Current procedure based on periodic manual operations not effective and unable to deliver 24-hour, all-year-round monitoring for violations, says road safety expert.
PETALING JAYA: Malaysia needs a 24-hour, all-year-round AI-backed traffic enforcement system to deter reckless and dangerous driving, instead of relying on periodic operations that lose impact once they end, said Road Safety Council of Malaysia executive council member Datuk Suret Singh.
Suret, who previously chaired the Malaysian Institute of Road Safety Research from 2019 to 2022, said enforcement must be strategic, continuous and backed by technology if authorities want to deter dangerous behaviour before lives are lost.
“The current approach of enforcement based on operations is ineffective as it is not consistent for 365 days a year.“
To be effective, enforcement should be heavily reliant on artificial intelligience (AI) so it can monitor and (detect) reckless drivers 365 days, 24 hours, seven days a week.
“Effective year-round enforcement is key to deter reckless and dangerous behaviour on our roads,” he told theSun via WhatsApp. His remarks come as transport authorities have been expanding technology-based enforcement.
On Jan 6 last year, Transport Minister Anthony Loke said the Automated Awareness Safety System cameras would be improved through point-to-point monitoring, which measures a vehicle’s average speed between two checkpoints instead of relying only on static cameras.
The upgraded system has been reported to support wider automated detection, including mobile phone use and seatbelt violations, while use of drones and body-worn cameras by the Road Transport Deparment (RTD) has expanded real-time monitoring during operations.
As of March 20 during Op Hari Raya Aidilfitri, RTD recorded 2,384 offences using the upgraded drones.
Enforcement senior director Datuk Muhammad Kifli Ma Hassan said the dronedetected offences mainly involved dangerous overtaking, emergency lane misuse and traffic light violations, with each category recording more than 500 cases.
Suret added that the wider weakness was not the absence of action, but the lack of consistent and unified enforcement across agencies.
“Enforcement effectiveness is very weak. A total overhaul is required. “It is time for a single traffic law enforcement agency.
The current system is fragmented, so where does accountability sit… with RTD, police or local authorities?”
On drink-driving, Suret said preventive measures should be strenghtened, including reducing the legal alcohol limit to zero, encouraging pubs to provide free nonalcoholic drinks to designated drivers and intensifying community education against driving under the influence (DUI).

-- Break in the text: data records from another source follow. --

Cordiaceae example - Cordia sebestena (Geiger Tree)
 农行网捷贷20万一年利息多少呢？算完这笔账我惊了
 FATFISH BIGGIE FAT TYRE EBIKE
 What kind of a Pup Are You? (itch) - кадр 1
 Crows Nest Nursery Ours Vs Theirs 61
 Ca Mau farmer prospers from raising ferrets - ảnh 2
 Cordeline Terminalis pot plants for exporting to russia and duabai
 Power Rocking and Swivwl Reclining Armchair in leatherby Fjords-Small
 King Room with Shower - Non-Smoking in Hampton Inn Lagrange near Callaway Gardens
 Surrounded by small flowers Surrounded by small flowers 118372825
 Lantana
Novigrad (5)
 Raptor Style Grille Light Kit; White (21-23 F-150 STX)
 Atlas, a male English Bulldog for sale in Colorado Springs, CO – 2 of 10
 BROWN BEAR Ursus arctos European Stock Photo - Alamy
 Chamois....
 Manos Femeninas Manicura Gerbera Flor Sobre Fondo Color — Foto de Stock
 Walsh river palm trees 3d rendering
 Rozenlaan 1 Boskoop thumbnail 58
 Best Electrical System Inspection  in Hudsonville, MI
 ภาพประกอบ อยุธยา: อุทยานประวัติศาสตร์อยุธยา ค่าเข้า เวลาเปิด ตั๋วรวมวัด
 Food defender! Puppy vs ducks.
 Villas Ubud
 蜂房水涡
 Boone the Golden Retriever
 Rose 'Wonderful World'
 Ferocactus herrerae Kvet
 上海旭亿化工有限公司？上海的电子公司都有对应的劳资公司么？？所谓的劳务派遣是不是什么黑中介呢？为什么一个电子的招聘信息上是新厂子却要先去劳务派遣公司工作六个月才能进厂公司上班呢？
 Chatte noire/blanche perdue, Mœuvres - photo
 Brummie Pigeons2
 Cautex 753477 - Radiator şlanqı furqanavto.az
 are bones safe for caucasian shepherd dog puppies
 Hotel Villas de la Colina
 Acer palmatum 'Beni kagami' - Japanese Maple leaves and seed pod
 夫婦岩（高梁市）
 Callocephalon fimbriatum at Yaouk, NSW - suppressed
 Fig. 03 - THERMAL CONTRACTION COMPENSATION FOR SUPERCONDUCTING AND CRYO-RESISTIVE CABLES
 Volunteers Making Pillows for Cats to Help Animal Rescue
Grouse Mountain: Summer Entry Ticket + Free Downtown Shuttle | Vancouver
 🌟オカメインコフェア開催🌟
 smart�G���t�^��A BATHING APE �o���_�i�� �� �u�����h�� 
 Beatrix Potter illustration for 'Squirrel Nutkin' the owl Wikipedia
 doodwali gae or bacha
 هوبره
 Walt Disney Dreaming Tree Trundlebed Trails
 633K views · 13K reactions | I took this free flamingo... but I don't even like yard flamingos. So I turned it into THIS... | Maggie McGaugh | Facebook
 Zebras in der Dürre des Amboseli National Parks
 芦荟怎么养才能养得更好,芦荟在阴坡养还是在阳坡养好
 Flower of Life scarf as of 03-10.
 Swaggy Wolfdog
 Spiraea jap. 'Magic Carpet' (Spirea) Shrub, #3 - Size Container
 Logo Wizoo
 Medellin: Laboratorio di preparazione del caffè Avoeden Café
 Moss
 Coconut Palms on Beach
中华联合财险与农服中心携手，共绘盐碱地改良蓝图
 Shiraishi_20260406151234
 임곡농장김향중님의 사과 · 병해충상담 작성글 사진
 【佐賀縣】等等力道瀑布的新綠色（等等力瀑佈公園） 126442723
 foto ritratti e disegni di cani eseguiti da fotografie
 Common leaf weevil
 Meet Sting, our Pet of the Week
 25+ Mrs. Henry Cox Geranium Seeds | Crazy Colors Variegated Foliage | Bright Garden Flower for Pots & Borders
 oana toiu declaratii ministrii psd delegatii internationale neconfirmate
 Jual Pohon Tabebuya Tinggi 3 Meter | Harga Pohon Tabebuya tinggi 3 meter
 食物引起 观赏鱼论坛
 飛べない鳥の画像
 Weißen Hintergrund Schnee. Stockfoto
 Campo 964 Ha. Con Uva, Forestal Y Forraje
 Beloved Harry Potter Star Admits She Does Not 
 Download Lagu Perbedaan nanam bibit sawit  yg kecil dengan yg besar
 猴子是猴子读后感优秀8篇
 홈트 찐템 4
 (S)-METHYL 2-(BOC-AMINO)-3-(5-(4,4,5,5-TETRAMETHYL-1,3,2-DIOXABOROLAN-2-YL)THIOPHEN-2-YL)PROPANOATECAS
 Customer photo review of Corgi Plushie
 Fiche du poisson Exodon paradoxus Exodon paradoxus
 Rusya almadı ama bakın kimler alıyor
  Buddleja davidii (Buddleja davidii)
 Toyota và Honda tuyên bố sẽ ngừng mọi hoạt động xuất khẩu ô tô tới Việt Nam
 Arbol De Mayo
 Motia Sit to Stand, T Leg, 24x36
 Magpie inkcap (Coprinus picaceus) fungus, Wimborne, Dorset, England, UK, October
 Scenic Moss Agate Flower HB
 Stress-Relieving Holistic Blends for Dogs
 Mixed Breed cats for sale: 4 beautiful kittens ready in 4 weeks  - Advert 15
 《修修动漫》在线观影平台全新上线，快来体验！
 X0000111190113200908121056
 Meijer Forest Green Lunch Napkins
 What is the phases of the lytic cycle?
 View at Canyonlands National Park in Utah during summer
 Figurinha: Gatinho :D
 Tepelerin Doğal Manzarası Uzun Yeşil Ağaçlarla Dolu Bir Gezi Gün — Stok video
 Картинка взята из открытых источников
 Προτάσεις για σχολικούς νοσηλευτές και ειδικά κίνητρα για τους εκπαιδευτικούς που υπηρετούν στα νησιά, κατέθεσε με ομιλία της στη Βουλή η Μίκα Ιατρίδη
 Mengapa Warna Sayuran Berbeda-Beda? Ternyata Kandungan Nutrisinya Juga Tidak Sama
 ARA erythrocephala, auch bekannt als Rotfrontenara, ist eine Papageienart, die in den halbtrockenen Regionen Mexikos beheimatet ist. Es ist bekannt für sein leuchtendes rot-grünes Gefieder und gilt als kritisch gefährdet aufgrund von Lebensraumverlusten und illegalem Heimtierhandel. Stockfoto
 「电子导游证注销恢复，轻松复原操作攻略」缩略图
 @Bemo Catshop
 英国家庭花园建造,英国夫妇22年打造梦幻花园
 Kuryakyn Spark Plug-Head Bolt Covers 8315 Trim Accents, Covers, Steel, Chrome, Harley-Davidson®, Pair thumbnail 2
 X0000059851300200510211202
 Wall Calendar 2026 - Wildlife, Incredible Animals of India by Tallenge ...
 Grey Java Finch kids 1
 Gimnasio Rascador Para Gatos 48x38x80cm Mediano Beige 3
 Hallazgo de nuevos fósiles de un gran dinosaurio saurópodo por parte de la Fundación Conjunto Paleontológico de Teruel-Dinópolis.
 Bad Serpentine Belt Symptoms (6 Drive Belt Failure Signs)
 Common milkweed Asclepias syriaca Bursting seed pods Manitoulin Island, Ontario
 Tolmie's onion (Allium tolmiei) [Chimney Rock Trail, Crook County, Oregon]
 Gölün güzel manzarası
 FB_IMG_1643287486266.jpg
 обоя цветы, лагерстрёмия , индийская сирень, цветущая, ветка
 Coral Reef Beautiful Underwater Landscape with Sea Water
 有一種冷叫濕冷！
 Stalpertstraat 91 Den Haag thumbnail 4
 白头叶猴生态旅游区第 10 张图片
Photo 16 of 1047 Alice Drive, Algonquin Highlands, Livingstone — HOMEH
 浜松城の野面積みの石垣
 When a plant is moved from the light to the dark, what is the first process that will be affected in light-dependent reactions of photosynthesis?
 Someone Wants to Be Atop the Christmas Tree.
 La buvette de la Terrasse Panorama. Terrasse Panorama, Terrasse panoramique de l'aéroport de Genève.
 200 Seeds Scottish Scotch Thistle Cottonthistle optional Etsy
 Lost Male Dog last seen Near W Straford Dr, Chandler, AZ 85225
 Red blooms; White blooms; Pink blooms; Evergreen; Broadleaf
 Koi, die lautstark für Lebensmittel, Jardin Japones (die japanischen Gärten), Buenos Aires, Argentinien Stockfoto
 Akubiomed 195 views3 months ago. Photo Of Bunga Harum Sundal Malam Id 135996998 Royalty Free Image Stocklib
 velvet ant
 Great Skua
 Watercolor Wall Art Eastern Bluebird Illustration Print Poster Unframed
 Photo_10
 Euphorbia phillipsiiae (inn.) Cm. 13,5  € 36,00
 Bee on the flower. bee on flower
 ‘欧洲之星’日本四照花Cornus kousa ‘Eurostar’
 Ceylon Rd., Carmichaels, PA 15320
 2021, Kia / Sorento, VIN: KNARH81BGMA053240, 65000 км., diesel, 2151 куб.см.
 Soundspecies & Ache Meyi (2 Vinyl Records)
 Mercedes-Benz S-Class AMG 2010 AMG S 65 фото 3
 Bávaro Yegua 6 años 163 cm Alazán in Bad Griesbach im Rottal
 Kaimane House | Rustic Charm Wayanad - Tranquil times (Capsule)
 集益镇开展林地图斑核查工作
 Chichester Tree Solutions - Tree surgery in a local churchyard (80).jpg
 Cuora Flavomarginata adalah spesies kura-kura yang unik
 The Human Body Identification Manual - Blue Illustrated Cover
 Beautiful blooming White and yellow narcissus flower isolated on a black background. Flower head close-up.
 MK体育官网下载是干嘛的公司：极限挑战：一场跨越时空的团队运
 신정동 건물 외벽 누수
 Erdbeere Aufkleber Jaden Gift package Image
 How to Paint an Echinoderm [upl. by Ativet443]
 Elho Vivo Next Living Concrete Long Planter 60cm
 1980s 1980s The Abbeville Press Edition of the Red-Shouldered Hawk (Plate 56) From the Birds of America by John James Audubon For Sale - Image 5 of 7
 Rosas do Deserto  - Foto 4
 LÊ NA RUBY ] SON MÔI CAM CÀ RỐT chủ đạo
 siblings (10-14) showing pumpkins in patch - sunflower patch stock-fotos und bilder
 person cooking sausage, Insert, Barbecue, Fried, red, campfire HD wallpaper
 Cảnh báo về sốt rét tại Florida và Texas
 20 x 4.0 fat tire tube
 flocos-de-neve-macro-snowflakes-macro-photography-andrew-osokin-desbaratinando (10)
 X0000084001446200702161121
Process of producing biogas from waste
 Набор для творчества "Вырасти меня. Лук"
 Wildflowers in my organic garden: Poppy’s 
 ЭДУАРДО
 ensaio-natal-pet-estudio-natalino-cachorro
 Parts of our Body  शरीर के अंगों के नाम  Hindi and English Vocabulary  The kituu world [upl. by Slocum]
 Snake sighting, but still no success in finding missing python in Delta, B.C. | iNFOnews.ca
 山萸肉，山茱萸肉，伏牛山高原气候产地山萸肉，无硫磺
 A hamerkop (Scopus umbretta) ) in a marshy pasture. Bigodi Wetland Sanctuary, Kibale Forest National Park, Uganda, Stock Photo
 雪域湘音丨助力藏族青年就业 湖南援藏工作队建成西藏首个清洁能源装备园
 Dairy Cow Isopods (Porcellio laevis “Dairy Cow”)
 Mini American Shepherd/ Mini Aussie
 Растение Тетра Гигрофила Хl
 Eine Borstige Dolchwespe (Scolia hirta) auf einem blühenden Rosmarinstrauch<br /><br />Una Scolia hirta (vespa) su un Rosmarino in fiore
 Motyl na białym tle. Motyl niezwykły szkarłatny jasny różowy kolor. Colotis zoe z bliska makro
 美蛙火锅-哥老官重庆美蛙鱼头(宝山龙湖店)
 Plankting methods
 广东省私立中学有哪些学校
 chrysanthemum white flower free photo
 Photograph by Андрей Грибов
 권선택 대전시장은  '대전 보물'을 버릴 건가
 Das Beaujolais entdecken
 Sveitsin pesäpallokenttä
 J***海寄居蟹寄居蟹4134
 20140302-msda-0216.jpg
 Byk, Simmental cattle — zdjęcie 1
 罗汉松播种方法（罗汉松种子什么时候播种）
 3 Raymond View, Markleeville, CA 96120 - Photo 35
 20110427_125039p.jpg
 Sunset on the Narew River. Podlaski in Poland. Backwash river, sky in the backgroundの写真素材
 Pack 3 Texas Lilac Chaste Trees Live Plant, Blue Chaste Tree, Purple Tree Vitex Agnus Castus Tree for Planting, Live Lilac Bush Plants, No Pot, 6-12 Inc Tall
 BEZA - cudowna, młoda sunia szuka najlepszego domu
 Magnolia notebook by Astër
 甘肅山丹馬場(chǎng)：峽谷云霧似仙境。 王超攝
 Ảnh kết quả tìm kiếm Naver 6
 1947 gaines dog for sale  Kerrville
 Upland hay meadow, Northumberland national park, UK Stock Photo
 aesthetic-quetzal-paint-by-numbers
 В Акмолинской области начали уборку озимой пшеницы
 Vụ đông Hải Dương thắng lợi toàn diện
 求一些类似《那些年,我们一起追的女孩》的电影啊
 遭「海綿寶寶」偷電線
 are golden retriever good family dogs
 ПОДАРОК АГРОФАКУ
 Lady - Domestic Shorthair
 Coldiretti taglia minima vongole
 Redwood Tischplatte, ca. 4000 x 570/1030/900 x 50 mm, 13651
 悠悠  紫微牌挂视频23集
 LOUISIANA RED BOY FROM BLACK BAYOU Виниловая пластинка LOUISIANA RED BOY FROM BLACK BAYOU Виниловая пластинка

He also supported targeted enforcement measures such as checks near entertainment outlets, parking exits, highway entry points and other high-risk locations as proactive strategies to stop intoxicated motorists before entering major roads.
However, he said while drink-driving is a serious offence, it should not dominate the road safety agenda at the expense of the larger pattern of deaths involving motorcyclists.
“Bear in mind that DUI is not a major cause of deaths on our roads. (It represents) less than 1% of road deaths.
“Of average daily deaths of 18 per day on our roads, 12 are deaths of young individuals, aged 25 and below, who rode small-cc vehicles in mixed traffic roads, and were knocked down by bigger vehicles.
“This is our big road safety issue, the elephant in the room,” he said.
Suret said the media and authorities should avoid focusing only on high-profile fatal cases before public attention fades.
“The media play needs to move away from reactive to proactive awareness,” he said, adding that injured motorcyclists and daily road trauma should also be highlighted to improve rider and road user safety.
“It is time to prevent reckless behaviour rather than reacting after fatal crashes, which is a loser’s game,” he said.
Suret’s comments follow the fatal April 23 MEX Highway crash involving an e-hailing vehicle carrying Bangladeshi tourists and a car driven by a 31-year-old military officer.
Kuala Lumpur Traffic Investigation and Enforcement Department chief ACP Mohd Zamzuri Mohd Isa said the remand for the car driver has been extended until today.
He added that statements have been recorded from 12 witnesses, with the investigation paper to be completed and submitted to prosecutors.